More than 120,000 people in southwestern Syria have been forced to flee since the Syrian government launched an offensive to recover an area bordering Jordan and the Israeli-occupied Golan Heights from rebels, a monitoring group said.
The Israeli military said an increased number of Syrian civilians had been spotted in refugee camps on the Syrian side of the Golan over the past few days, and that it had overnight sent aid supplies at four locations "to Syrians fleeing hostilities".
Lieberman remarks on Twitter reaffirmed Israel's stance, and followed Energy Minister Yuval Steinitz saying earlier on Friday that the refugees would not be allowed to enter.
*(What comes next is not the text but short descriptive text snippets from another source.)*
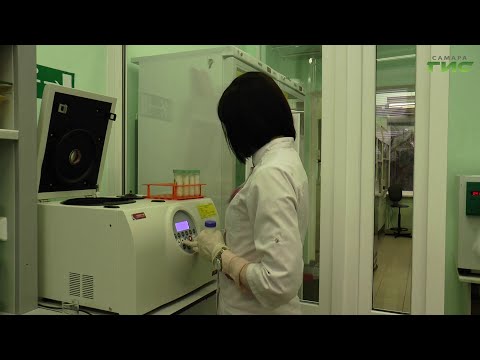Насколько безопасны генно-модифицированные продукты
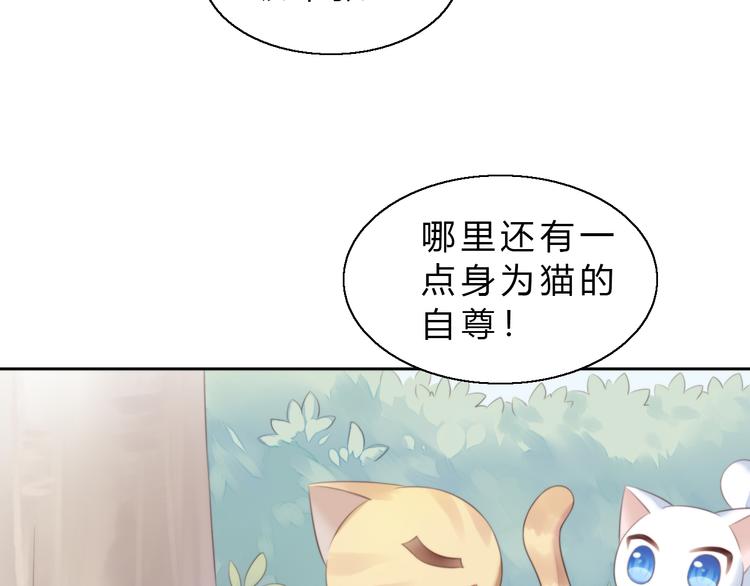 猫爪之下韩漫全集-第61话 合作无删减无遮挡章节图片 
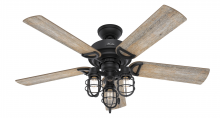 Hunter 50409 - Hunter 52 inch Starklake Natural Black Iron Damp Rated Ceiling Fan with LED Light Kit and Pull Chain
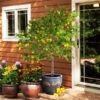 Meyer Lemon Tree - USDA Organic -Fast Growing Trees Meyer Lemon Tree FGT 600x600 d3c227e7 2abb 4f2f a843 d04afc7d9425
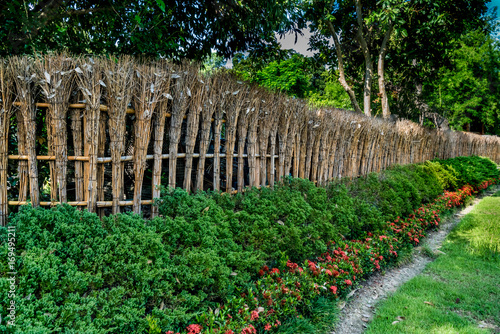 Fototapeta Naklejka Na Ścianę i Meble -  Bamboo fence of Japanese garden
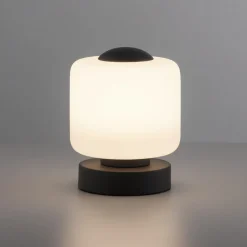 Paul Neuhaus LED tafellamp Bota, antraciet, glas, dimbaar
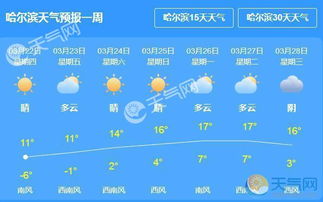 哈尔滨天气预报一周天气(天气预报哈尔滨天气预报) 哈尔滨天气预报一周天气(天气预报哈尔滨天气预报)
"We are closely monitoring events in southern Syria. We will guard Israel's security interests. As always, we will be ready to provide humanitarian aid to civilians, women and children but we will not accept any Syrian refugee to our territory," Lieberman wrote.
His tweet was published hours after the military said it had transferred the aid to southern Syria.
Footage released by the Israeli military on Friday showed a forklift truck unloading palettes with supplies that it said included 300 tents, 28 tonnes of food, medical equipment and medication, footwear and clothing.
Israel has refused to accept refugees fleeing the more than seven-year conflict in Syria, a country with which it remains officially in a state of war. Israel also accuses Iran of stationing military bases and personnel in Syria to use the war- torn country as a launch pad for attacks into Israel.
However, Israel has taken in several thousand Syrians for medical treatment since 2011. Wounded Syrians have been treated at field hospitals set up along the frontier with Syria in the Golan, and in Israeli hospitals.